Start of Input
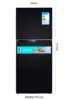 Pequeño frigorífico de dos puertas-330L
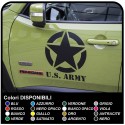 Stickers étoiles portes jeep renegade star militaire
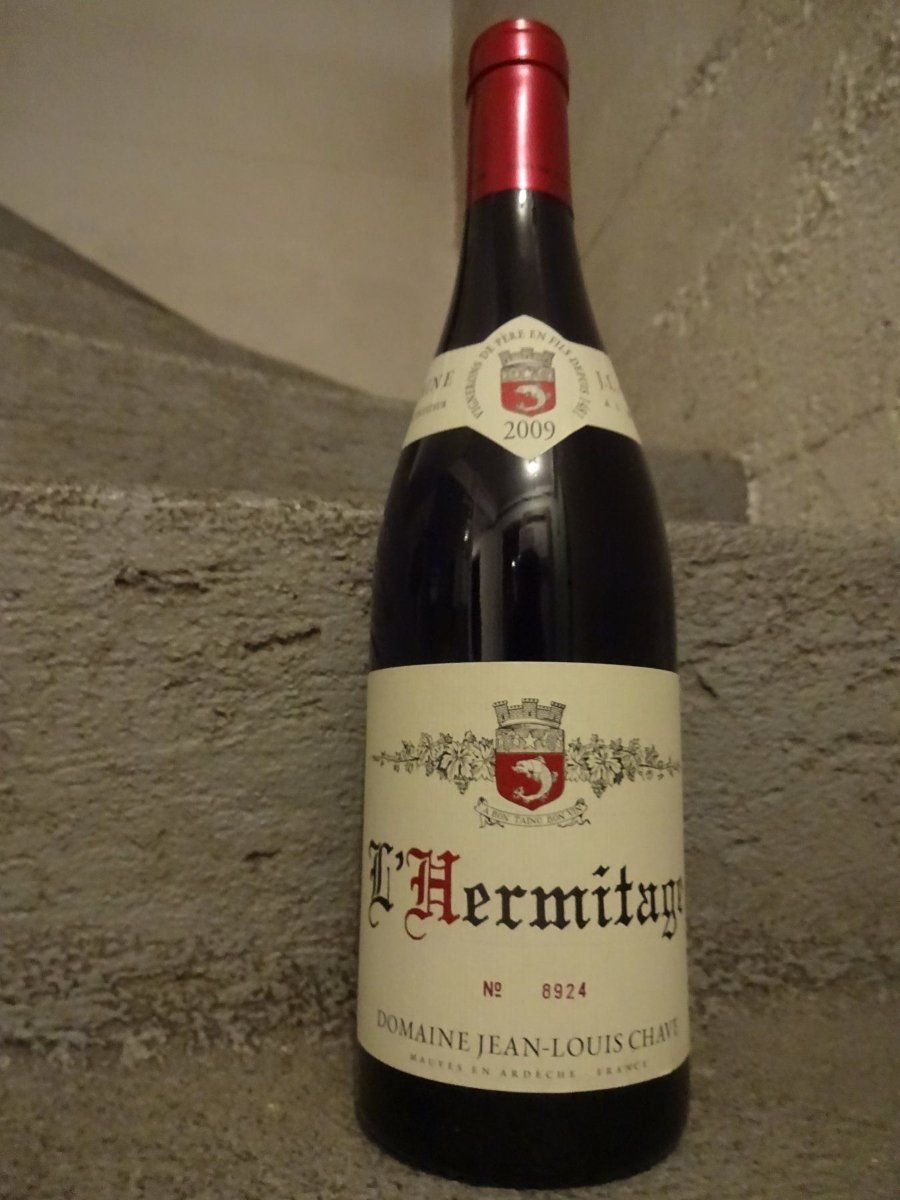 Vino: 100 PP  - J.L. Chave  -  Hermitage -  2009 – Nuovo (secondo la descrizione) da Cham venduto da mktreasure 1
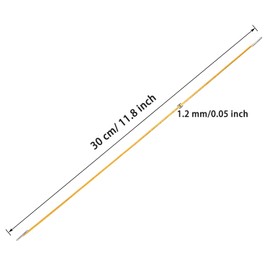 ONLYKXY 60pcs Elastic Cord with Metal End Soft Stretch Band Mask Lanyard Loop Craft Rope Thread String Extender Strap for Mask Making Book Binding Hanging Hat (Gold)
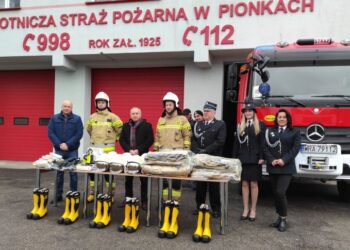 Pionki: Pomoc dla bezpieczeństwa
End of Input
**Exercise description**
Your answer must be exactly the lines from the one containing "ONLYKXY 60pcs Elastic" through the last line of the records above, both included, with every picture left out.

**Output below**
 ONLYKXY 60pcs Elastic Cord with Metal End Soft Stretch Band Mask Lanyard Loop Craft Rope Thread String Extender Strap for Mask Making Book Binding Hanging Hat (Gold)
 Pionki: Pomoc dla bezpieczeństwa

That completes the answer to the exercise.